Li estas declarações e pensei que lhe iriam acertar o passo e que iria cair o Carmo e a Trindade. Mas não. Como é bom de ver, o passo segue a sua sorte e o Carmo e a Trindade continuam de pé. Mas mais preocupantes que as declarações em si foi o silêncio que se lhes seguiu.
Permitam-me que concretize: as declarações são infelizes porque são uma narrativa parcial da realidade. Tinha certamente em mente o primeiro-ministro de Portugal a circunstância de no dia 11 de dezembro de 2008, a SEC (Securities and Exchange Commission) e o U.S. Attorney’s Office do distrito de Nova Iorque terem acusado Bernard L. Madoff de uma fraude multimilionária, o qual, em 12 de março de 2009, viria a aceitar um acordo assumindo todas as acusações e tendo sido tal acordo confirmado 29 de junho pelo Juiz do Distrito Federal.
Parece espetacular, não é? Em sete meses arruma-se a coisa. Vezes sem conta nos mais diversos fóruns se faz a apologia desta justiça relâmpago por contraposição à nossa justiça caracol. O que normalmente fica por dizer – e o primeiro-ministro de Portugal também não julgou relevante referir – é que a investigação contra o Senhor Madoff e a sua organização foi iniciada pelo OCIE (Office of Compliance Inspections and Examinations) da SEC em 2005, sendo, aliás, uma investigação de tal forma desastrada, que deu origem a uma investigação sobre a investigação realizada.

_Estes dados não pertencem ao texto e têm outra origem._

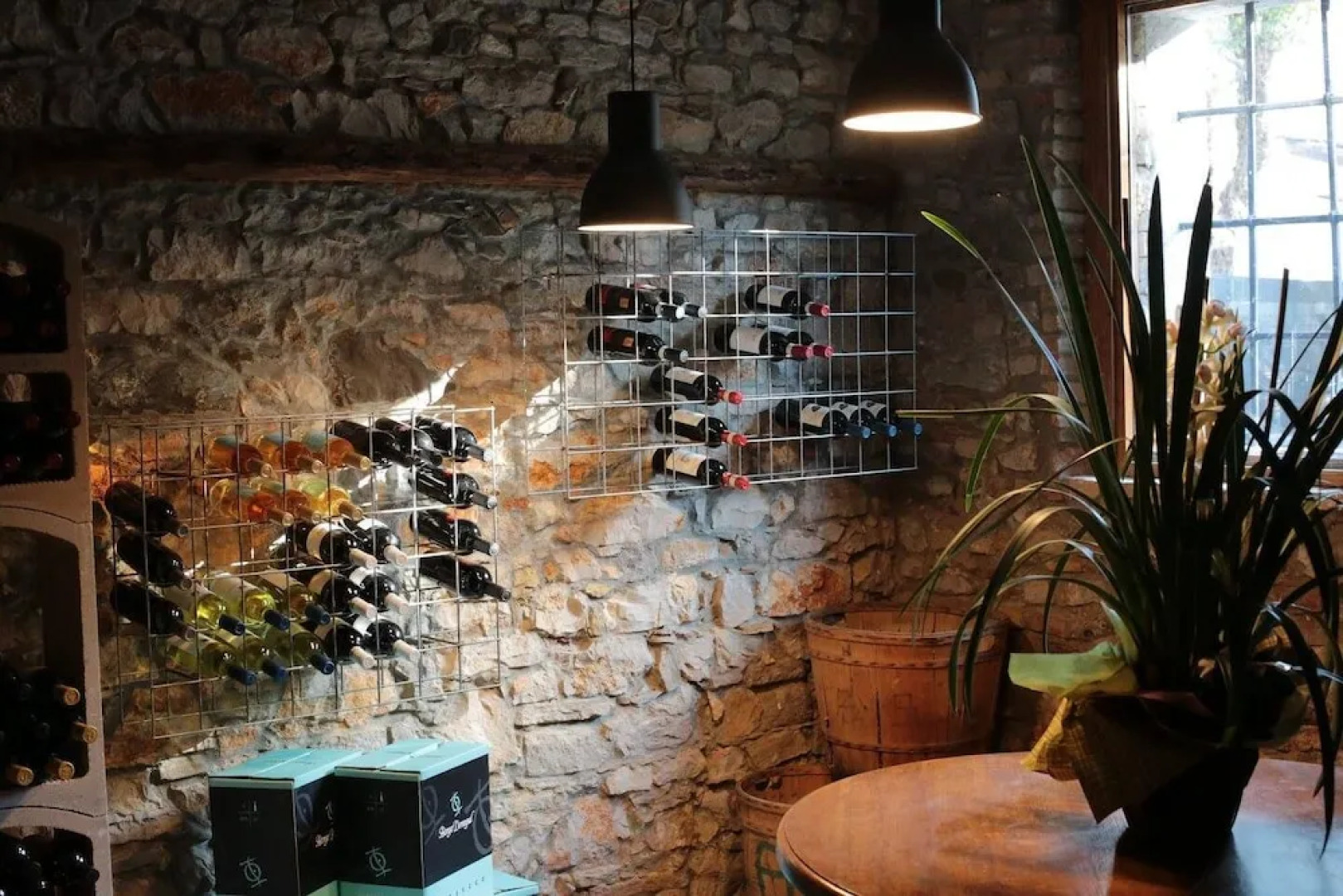 1883 Restaurant & Rooms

Também normalmente se omite que só depois do colapso ter ocorrido é que se olharam com olhos de ver os elementos já recolhidos em momento anterior, designadamente, denúncias concretas da fraude já recebidas pelas autoridades.
E já agora também fica habitualmente por acrescentar que muitos setores da sociedade norte-americana acham muito suspeita esta apressada assunção de culpa individual por parte do Senhor Madoff (que dispunha dos recursos e advogados necessários para se opor durante anos às pretensões punitivas do estado, basta ver o exemplo O.J. Simpson) e pensam que haja servido o propósito de conter a investigação e deixar de fora muitos potenciais responsáveis pelo esquema de Ponzi verificado. Isto a par de deixar a sua família confortável do ponto de vista económico.
Vamos estando habituados à demagogia do discurso político. O que não é habitual é o ruidoso silêncio que ocorreu perante o atropelo às boas regras de Montesquieu, após a inadmissível ingerência do representante máximo do poder executivo, num caso que tramita, presentemente, debaixo da alçada de um outro poder da república.
Não ter aparecido ninguém – designadamente da instituição mais visada com a crítica –, a responder à letra às, aliás injustas, farpas lançadas, deixa-me a imaginar a existência de um acordo secreto e uma espécie de reedição do episódio de “engolir um sapo”. Desta feita não em função de um mal menor, mas em função de um suposto bem maior: uma justiça negociada.